*To do:* Write out the entries, please, from the line containing "Cotter schools court parents Baxter Bulletin" through their final line, exactly and with nothing else.

*Data in this exercise:*
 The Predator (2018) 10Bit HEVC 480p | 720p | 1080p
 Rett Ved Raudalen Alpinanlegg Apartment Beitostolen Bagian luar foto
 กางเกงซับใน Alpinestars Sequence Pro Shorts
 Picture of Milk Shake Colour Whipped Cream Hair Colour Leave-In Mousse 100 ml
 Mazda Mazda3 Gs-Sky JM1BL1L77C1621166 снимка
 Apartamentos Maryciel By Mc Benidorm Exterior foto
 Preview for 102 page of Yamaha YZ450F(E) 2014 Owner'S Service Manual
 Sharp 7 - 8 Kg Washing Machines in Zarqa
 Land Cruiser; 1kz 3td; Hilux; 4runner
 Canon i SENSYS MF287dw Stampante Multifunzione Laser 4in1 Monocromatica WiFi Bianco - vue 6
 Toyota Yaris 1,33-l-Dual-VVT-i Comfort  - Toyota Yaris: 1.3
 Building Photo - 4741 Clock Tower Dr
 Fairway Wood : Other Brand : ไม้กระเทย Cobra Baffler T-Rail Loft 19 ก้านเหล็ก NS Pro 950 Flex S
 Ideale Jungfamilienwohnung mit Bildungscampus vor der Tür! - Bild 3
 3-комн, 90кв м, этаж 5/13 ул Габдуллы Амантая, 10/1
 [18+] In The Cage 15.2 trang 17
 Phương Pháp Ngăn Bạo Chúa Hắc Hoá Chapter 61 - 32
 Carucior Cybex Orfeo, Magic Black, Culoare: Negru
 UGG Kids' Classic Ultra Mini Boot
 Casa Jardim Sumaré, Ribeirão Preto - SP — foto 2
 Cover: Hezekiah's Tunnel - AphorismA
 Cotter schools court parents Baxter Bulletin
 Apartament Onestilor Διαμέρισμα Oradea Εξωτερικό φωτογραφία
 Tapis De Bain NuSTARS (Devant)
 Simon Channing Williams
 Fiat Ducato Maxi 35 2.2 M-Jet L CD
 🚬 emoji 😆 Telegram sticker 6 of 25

*Output for this task:*
 Cotter schools court parents Baxter Bulletin
 Apartament Onestilor Διαμέρισμα Oradea Εξωτερικό φωτογραφία
 Tapis De Bain NuSTARS (Devant)
 Simon Channing Williams
 Fiat Ducato Maxi 35 2.2 M-Jet L CD
 🚬 emoji 😆 Telegram sticker 6 of 25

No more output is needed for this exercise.